* Instructions to follow
In the data below, find the lines containing "Touring" and say how many there are, nothing more.

BEGIN Dataset records

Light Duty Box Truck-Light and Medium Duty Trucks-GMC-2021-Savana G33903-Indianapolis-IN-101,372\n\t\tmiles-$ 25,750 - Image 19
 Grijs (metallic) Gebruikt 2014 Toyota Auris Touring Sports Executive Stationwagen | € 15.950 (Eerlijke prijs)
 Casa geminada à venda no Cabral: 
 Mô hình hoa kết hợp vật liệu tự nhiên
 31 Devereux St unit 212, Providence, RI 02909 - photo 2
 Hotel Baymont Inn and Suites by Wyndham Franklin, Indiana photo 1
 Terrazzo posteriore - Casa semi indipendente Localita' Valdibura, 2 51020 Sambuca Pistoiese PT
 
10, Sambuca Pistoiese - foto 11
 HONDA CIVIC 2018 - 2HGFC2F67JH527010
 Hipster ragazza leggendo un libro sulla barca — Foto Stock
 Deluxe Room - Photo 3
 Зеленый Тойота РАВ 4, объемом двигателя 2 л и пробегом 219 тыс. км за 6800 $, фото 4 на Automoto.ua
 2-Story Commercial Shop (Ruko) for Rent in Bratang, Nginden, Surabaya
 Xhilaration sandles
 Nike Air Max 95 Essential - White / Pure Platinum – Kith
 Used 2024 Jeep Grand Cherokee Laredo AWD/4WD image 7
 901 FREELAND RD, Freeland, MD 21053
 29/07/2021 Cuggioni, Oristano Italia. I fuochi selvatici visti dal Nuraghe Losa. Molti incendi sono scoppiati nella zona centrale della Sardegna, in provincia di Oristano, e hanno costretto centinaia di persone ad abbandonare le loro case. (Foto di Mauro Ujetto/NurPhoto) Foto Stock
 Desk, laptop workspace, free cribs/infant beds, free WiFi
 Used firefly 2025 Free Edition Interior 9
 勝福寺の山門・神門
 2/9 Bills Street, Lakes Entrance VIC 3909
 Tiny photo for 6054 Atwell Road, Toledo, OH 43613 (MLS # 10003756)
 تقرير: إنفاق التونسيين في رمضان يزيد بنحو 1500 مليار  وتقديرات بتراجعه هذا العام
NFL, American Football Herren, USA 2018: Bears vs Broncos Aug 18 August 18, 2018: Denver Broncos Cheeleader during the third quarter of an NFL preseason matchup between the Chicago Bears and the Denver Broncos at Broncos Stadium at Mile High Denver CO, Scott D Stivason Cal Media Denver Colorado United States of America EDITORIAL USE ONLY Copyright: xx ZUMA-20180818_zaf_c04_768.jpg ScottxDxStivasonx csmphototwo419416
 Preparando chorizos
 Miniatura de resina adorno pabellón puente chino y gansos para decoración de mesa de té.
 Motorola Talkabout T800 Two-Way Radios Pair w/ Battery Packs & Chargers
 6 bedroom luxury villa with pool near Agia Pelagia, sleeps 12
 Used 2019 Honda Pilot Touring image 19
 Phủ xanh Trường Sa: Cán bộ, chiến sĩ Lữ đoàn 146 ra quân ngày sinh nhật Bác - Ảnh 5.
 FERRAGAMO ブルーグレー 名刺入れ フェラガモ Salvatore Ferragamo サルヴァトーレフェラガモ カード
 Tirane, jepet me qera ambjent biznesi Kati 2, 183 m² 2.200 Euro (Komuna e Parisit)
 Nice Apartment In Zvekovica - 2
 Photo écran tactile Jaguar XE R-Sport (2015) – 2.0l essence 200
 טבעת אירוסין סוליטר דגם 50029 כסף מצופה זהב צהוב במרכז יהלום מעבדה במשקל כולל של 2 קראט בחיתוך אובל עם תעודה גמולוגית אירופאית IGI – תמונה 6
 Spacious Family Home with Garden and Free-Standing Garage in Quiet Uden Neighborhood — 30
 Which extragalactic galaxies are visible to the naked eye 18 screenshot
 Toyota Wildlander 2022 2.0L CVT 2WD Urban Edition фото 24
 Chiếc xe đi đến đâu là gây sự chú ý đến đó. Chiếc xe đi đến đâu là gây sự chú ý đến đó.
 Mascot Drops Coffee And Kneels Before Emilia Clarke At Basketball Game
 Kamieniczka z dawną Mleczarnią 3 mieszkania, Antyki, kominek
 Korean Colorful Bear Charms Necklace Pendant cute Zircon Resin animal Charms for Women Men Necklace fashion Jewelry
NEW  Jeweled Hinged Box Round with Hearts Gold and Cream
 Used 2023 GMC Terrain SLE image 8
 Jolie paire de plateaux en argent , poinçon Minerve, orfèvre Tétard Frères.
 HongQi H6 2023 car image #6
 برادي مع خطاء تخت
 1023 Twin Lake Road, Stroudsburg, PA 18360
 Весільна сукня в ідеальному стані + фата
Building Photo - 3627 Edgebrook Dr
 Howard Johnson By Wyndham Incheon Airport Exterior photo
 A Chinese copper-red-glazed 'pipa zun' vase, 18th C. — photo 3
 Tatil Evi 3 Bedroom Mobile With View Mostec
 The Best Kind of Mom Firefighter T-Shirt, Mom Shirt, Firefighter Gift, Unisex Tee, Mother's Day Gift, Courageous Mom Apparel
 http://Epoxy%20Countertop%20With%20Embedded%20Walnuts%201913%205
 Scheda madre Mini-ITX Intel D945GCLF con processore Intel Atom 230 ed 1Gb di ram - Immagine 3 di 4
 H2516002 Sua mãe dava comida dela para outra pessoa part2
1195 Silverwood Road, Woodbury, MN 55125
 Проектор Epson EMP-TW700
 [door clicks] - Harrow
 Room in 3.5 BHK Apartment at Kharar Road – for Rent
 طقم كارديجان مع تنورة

END Dataset records

* Finished task
2